European Union Considers Import Ban on Russian Diamonds, Impacting Global Market


The European Union is on the verge of imposing an import ban on Russian diamonds, severing a crucial market for the world’s largest diamond producer. European Council President Charles Michel, speaking at the G7 summit in Hiroshima, Japan, stated that “Russian diamonds are not forever.” The plan to sanction the Russian diamond industry, which accounts for $4 billion in exports, is expected to be announced this weekend as part of the 11th package of sanctions following Russia’s invasion of Ukraine in February 2022.

Russia currently produces about one-third of the world’s diamonds, making it the largest exporter, according to the Antwerp World Diamond Centre. The potential EU ban comes more than a year after the United States prohibited its companies from purchasing Russian diamonds for non-industrial purposes. On Friday, the United Kingdom also announced its intention to ban imports of Russian diamonds later this year, along with imports of copper, aluminum, and nickel of Russian origin.

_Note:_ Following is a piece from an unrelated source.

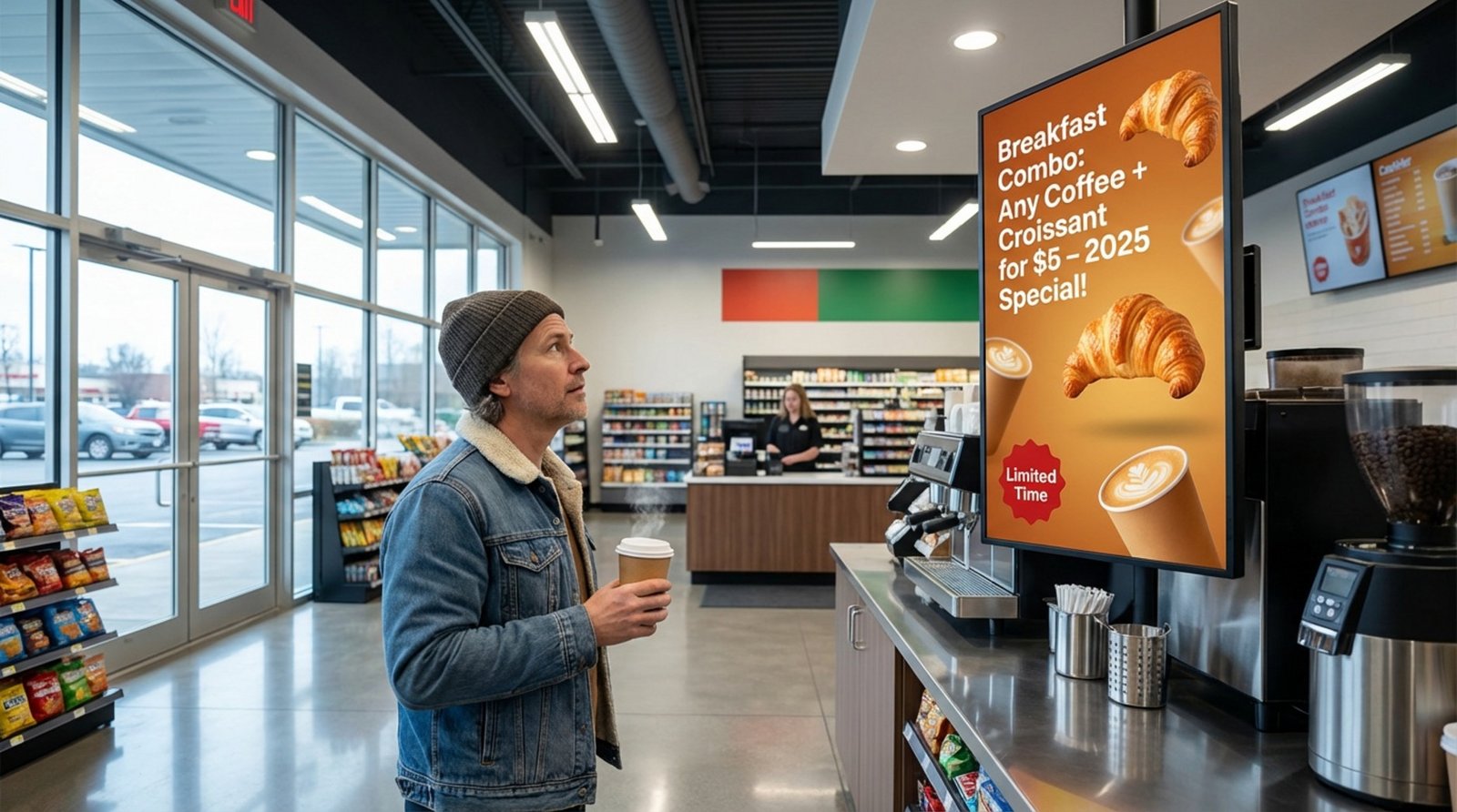 Customer examines a digital screen displaying a breakfast combo offer inside a bright modern gas station convenience store.
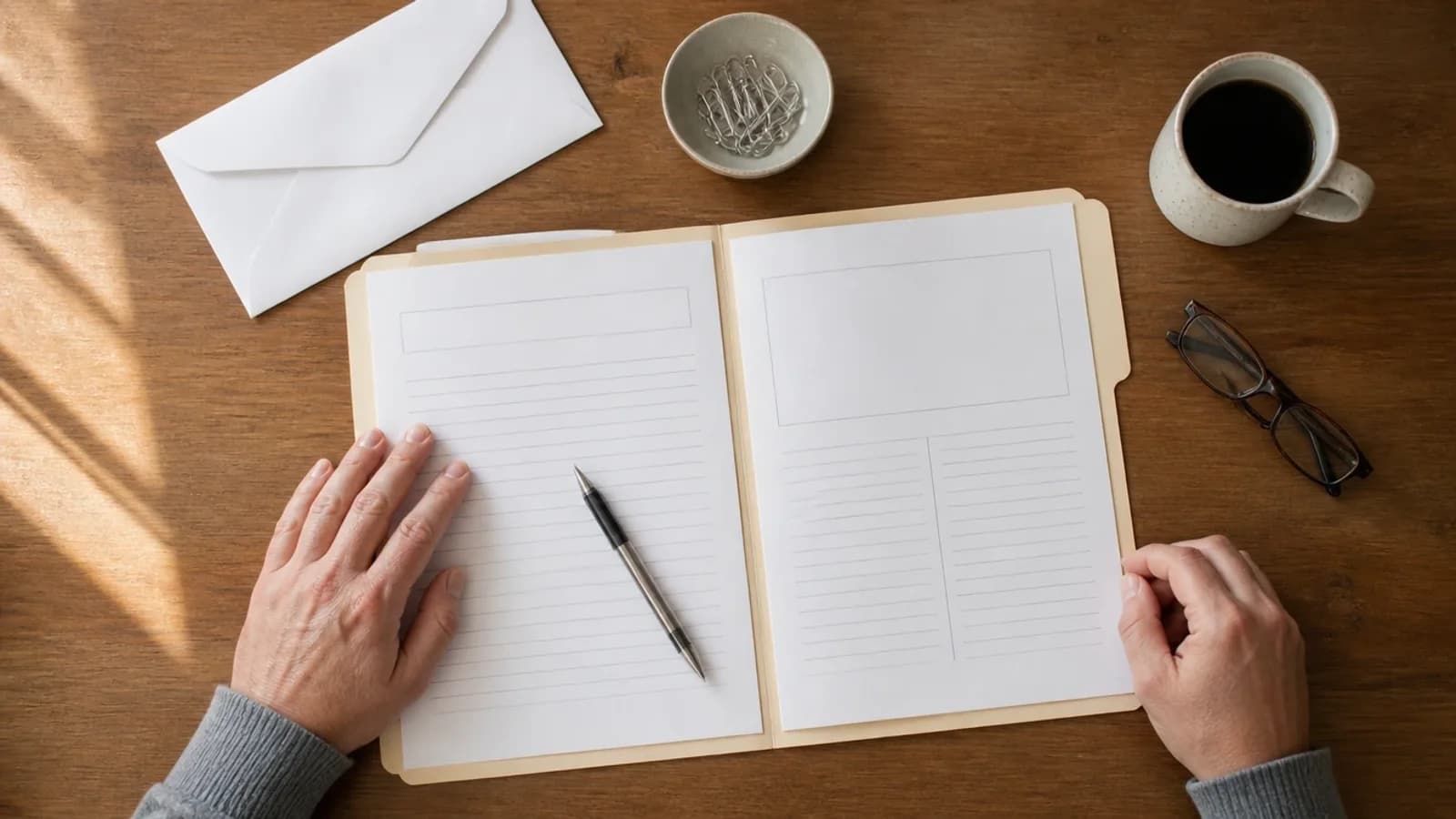 Open folder on a desk holding two printed invoices, with a pen, an envelope, glasses and a coffee mug beside it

The ban will have significant financial implications for Russia, as well as for European retailers and diamond traders. European consumers may experience the impact of higher prices for luxury jewelry and watches due to a potential shortage of diamonds in the market. The diamond industry already suffered a blow in April 2022 when the United States banned imports from Alrosa, a Russian state-owned mining company responsible for 90% of Russia’s diamond mining capacity.

While the United States accounts for half of the global demand for diamonds used in jewelry, Europe and the United Kingdom together represent only around 5% of the market. However, the ban on Russian diamonds could still lead to price inflation for European consumers. Diamond production takes time and significant investment, and it may take up to two years before the market sees any significant increase in supply.

Synthetically made diamonds, primarily produced in China, are unlikely to face severe disruption as they are widely used in industrial applications due to their hardness. These lab-grown diamonds may help partially fill the gap in the jewelry market left by the absence of Russian exports. However, cheaper synthetic diamonds are unlikely to compete with their natural counterparts, as natural diamonds are considered a luxury product.

The potential ban on Russian diamonds has raised concerns among diamond traders in Antwerp, Belgium, the world’s largest diamond trading hub. Traders fear that sanctions will drive business away from Antwerp, which has already lost significant trade to Dubai in recent years due to tightened rules on transparency and ethical sourcing. Approximately $40 billion worth of diamonds pass through Antwerp annually, with 5% to 10% originating from Russia.

Closing loopholes in the ban will be a crucial task for the European Union. The EU’s new sanctions package will focus on preventing Russian diamonds from entering the bloc through circumvention routes. The challenge lies in designing a comprehensive system that can accurately determine the origin of diamonds to close potential loopholes.

In conclusion, the potential European Union ban on Russian diamonds threatens to disrupt the global diamond market. The ban would impact Russia’s finances and European retailers while potentially leading to price increases for consumers. Diamond traders in Antwerp express concerns over losing business, and the challenge for the EU lies in designing an effective ban that prevents circumvention. The long-term effects will depend on the industry’s ability to adapt and fill the gap left by Russian diamond exports.